Washington had pledged on Thursday to stand by Ukraine in the event of Russian “aggression,” after Zelensky accused Russia of massing troops on the border.

Weeks of renewed frontline clashes have shredded a ceasefire and raised fears of an escalation of the simmering conflict in eastern Ukraine, where government forces are battling pro-Russian separatists.

Speaking to reporters on Friday, Kremlin spokesman Dmitry Peskov said Russia would be forced to respond if the US sent troops.

“There is no doubt such a scenario would lead to a further increase in tensions close to Russia’s borders. Of course, this would call for additional measures from the Russian side to ensure its security,” Peskov told reporters.

He declined to specify which measures would be adopted, while insisting that Russia was not making moves to threaten Ukraine.

“Russia is not threatening anyone, it has never threatened anyone,” Peskov said.

‘Intimidating’ Ukraine

On Friday, Russia said its armed forces would hold military exercises close to Ukraine’s border in the country’s south to practice defense against attack drones.

More than 50 battalion combat teams comprising 15,000 people will take part in those exercises and practice “interaction with electronic warfare and air defense units,” the defense military told reporters.
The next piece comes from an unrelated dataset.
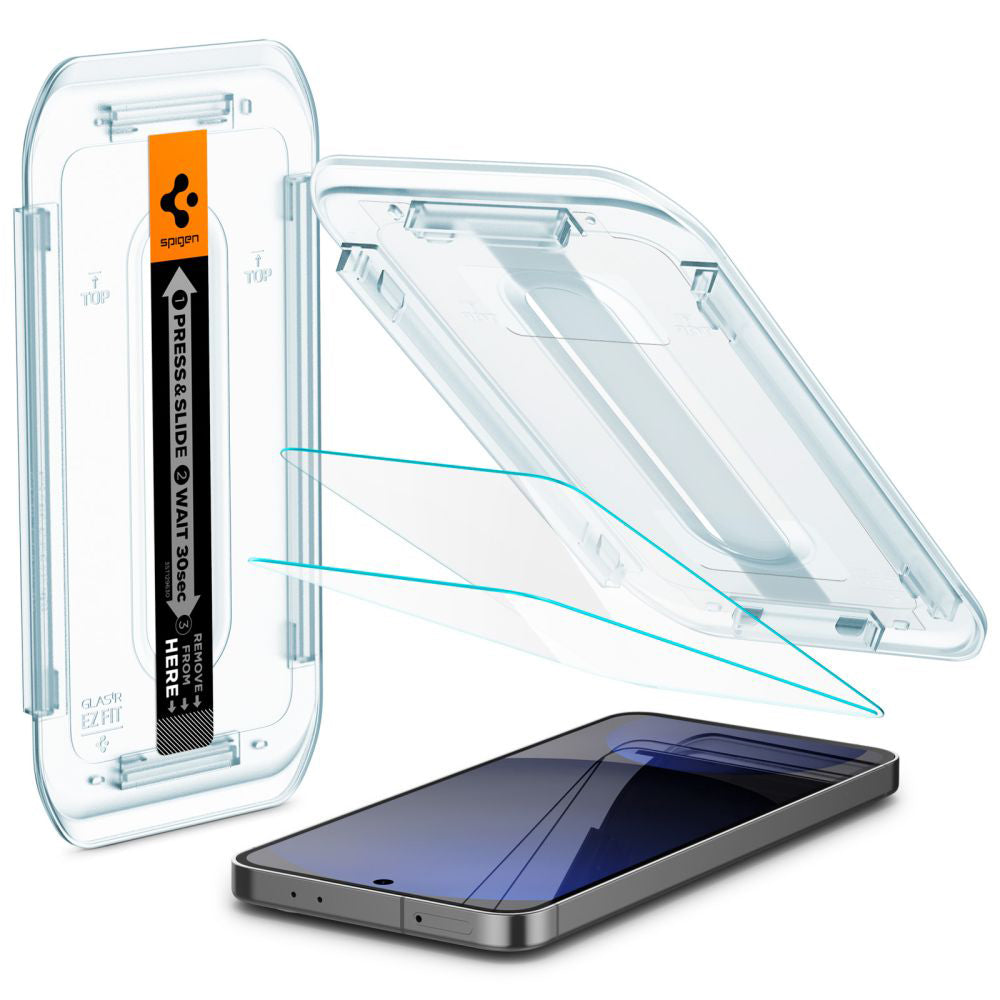 Spigen - (2 pack) Glas.tR EZ-FIT (AGL08729) - Samsung Galaxy S24 FE / A56 5G - Clear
On Thursday, the US warned Russia against “intimidating” Ukraine, with both Defense Secretary Lloyd Austin and Secretary of State Antony Blinken calling their Ukrainian counterparts to stress their support.

The Pentagon said this week US forces in Europe had raised their alert status following the “recent escalations of Russian aggression in eastern Ukraine.”

A Ukrainian serviceman changes his position near the line of contact near Vodiane, about 750 kilometers (468 miles) south-east of Kyiv, eastern Ukraine, March 5, 2021. (AP Photo/Evgeniy Maloletka)

Ukraine has been battling pro-Russian separatists in the eastern Donetsk and Luhansk regions since 2014, following Moscow’s annexation of the Crimean peninsula after an uprising that ousted Ukraine’s Kremlin-friendly president Viktor Yanukovych.

Moscow and Kyiv this week blamed each other for a rise in violence along the frontline that has undermined a ceasefire brokered last July.

Zelensky said on Thursday that 20 Ukrainian servicemen had been killed since the start of the year.

Ukraine’s military intelligence accused Russia of preparing to “expand its military presence” in the separatist-controlled regions.

Ruslan Khomchak, chief of the general staff of the Ukrainian Armed Forces, this week said that more than 2,000 Russian military instructors and advisers were currently stationed in eastern Ukraine.

Russian denials

Russia has repeatedly denied sending troops and arms to support the separatists and the Kremlin this week said that Russia is at liberty to move troops on its own territory.

“Russia is not a participant of the conflict,” Peskov said on Friday, accusing Ukraine’s armed forces of “multiple” provocations in the region.

A senior Russian official dismissed reports of Russia planning an attack on Ukraine as “fake.”

Russian tanks T-72 B3 roll through Red Square during the Victory Day military parade in downtown Moscow on May 9, 2019. (Alexander Nemenov/AFP)

“Russia is not interested in any conflict with Ukraine, especially a military one,” deputy foreign minister Andrei Rudenko told state news agency RIA Novosti.

Together with France, Germany and Ukraine, Russia is part of the Normandy format of countries that have sought to resolve the conflict and in 2015 agreed the Minsk accords to reduce the fighting.

Zelensky was elected in 2019 on promises of ending the conflict, but critics say a shaky ceasefire has been his only tangible achievement.

The fighting has claimed more than 13,000 lives since 2014, according to the United Nations.